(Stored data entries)

Segment Open

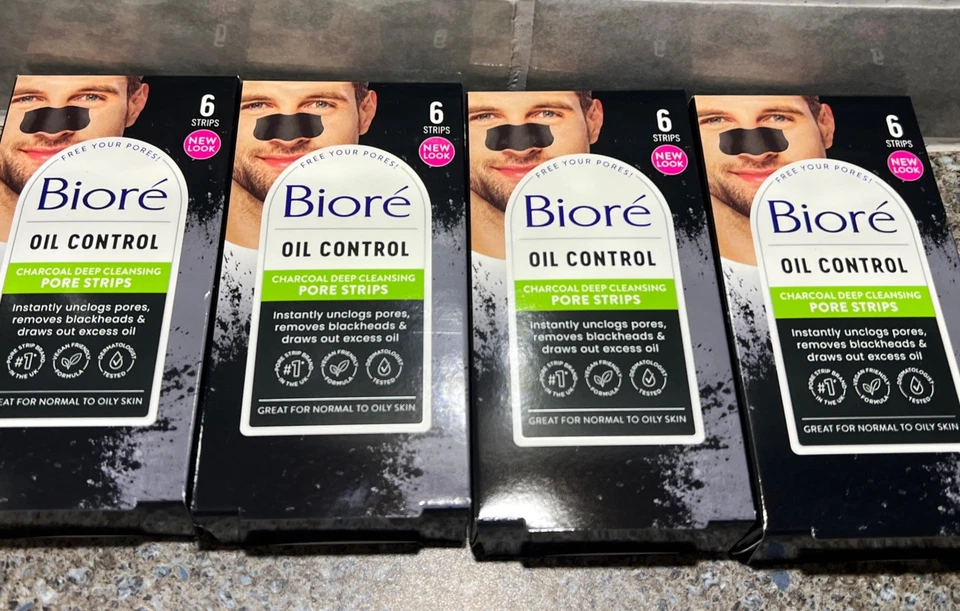 Biore Oil Control Charcoal Deep Cleansing Pore 24 Nose Strips. Free Shipping - Image 1 of 2
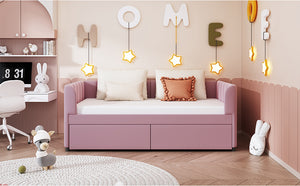 English Elm Twin Upholstered Daybed with Ergonomic Backrest, Classic Stripe Headboard and Hidden Storage Drawers Pink SF000071AAH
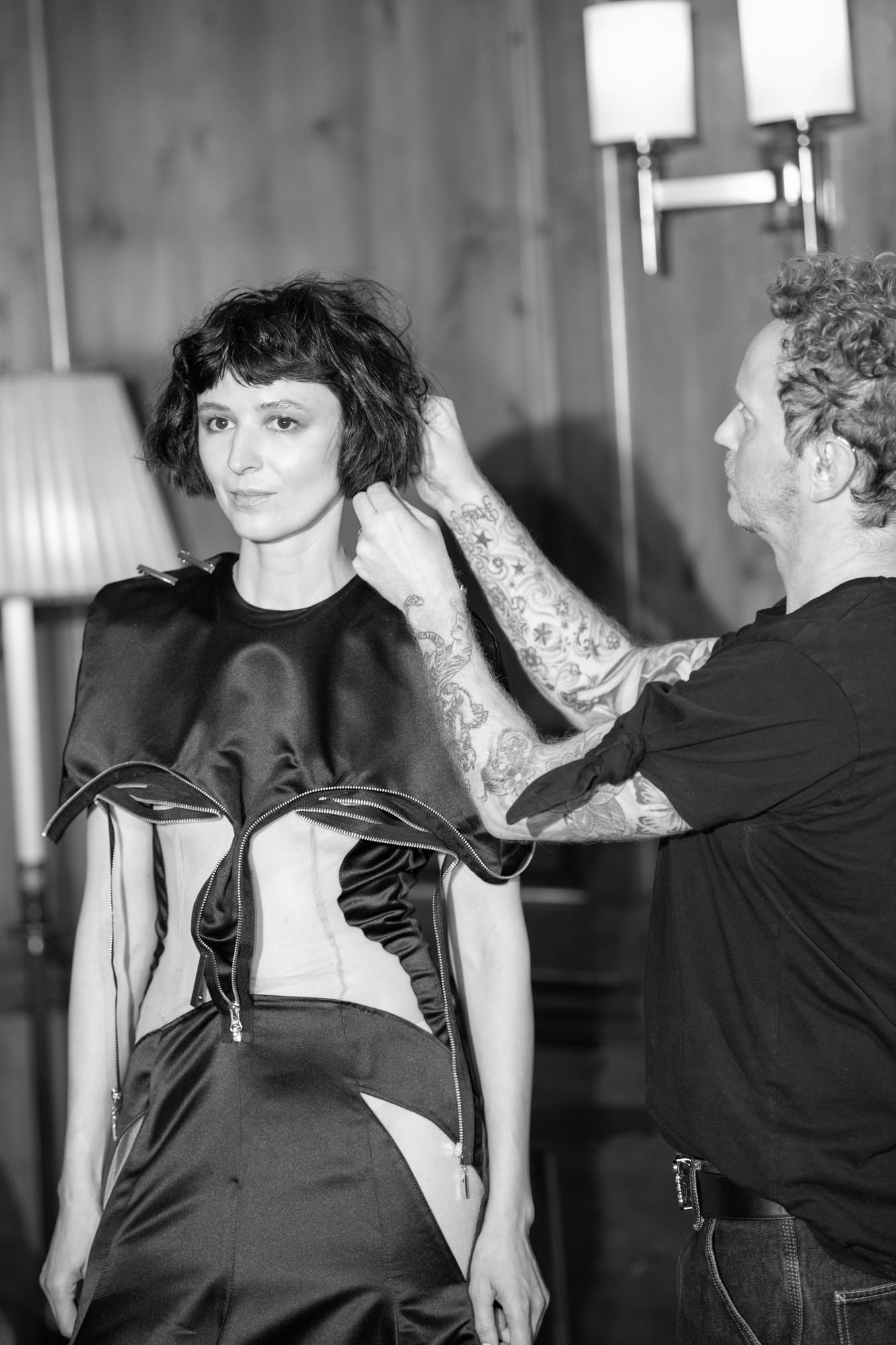 Backstage hair styling for a Creative Arts showcase at No. 30 Knightsbridge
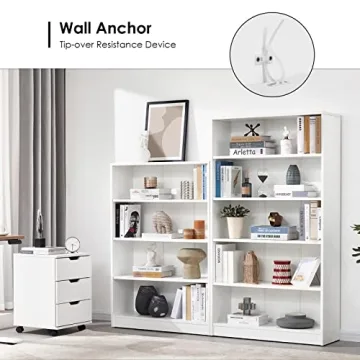 Stylish Farini 5 Tier White Bookshelf for Compact Spaces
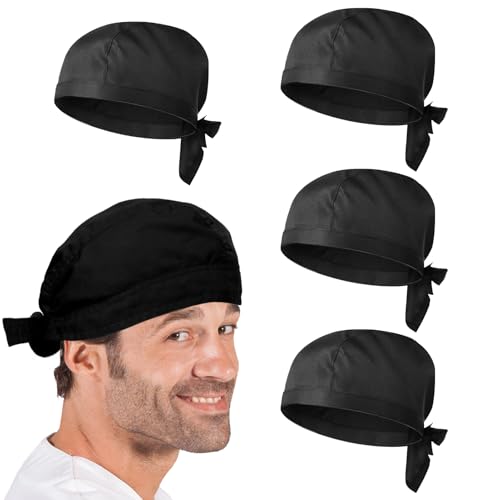 Photo de Huybaa 4 Pièces Toque de Chef Cuisinier, Bandana Chef Ajustable Chapeau, Calot de Cuisine Idéal pour Restaurants, Cuisines, Boulangeries, Cafés,Hôtel et Supermarché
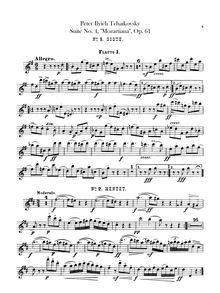 Partition flûte 1, 2,  No.4, Mozartiana, Tchaikovsky, Pyotr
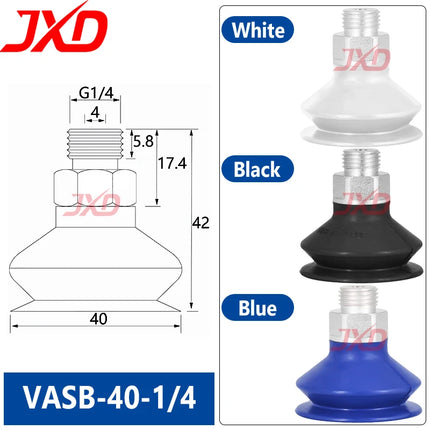 JXD Vacuum Suction Cup for Industrial Manipulator: VASB-30-1/8, Silicone Suction Nozzle VAS-15-1/8, Metal Fitting Suction Cup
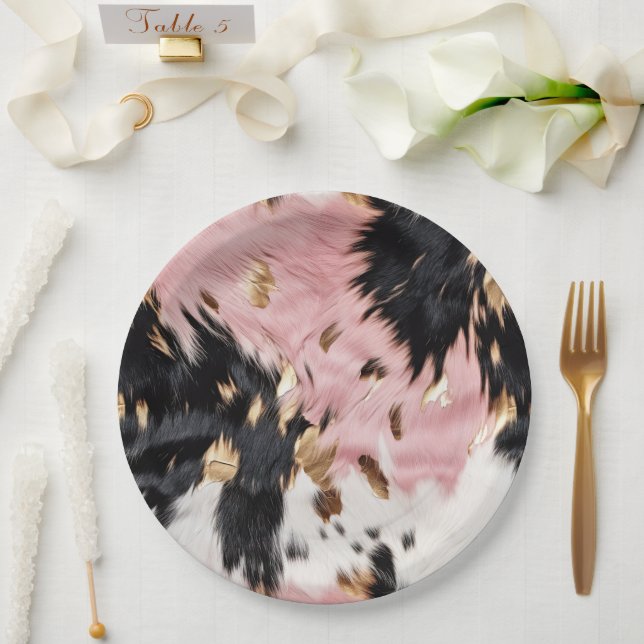 Western Cowgirl Pink Black White Gold Cowhide Paper Plates (Wedding)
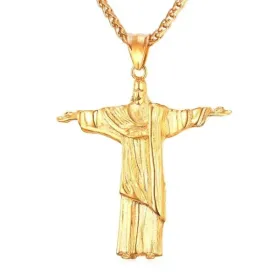 Classy Men Gold Savior Jesus Christ Pendant Necklace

Segment Closed

[ASSIGNED TASK]: Please set down the records above verbatim, with each picture left out.

[EXPECTED ANSWER]:
 Biore Oil Control Charcoal Deep Cleansing Pore 24 Nose Strips. Free Shipping - Image 1 of 2
 English Elm Twin Upholstered Daybed with Ergonomic Backrest, Classic Stripe Headboard and Hidden Storage Drawers Pink SF000071AAH
 Backstage hair styling for a Creative Arts showcase at No. 30 Knightsbridge
 Stylish Farini 5 Tier White Bookshelf for Compact Spaces
 Photo de Huybaa 4 Pièces Toque de Chef Cuisinier, Bandana Chef Ajustable Chapeau, Calot de Cuisine Idéal pour Restaurants, Cuisines, Boulangeries, Cafés,Hôtel et Supermarché
 Partition flûte 1, 2,  No.4, Mozartiana, Tchaikovsky, Pyotr
 JXD Vacuum Suction Cup for Industrial Manipulator: VASB-30-1/8, Silicone Suction Nozzle VAS-15-1/8, Metal Fitting Suction Cup
 Western Cowgirl Pink Black White Gold Cowhide Paper Plates (Wedding)
 Classy Men Gold Savior Jesus Christ Pendant Necklace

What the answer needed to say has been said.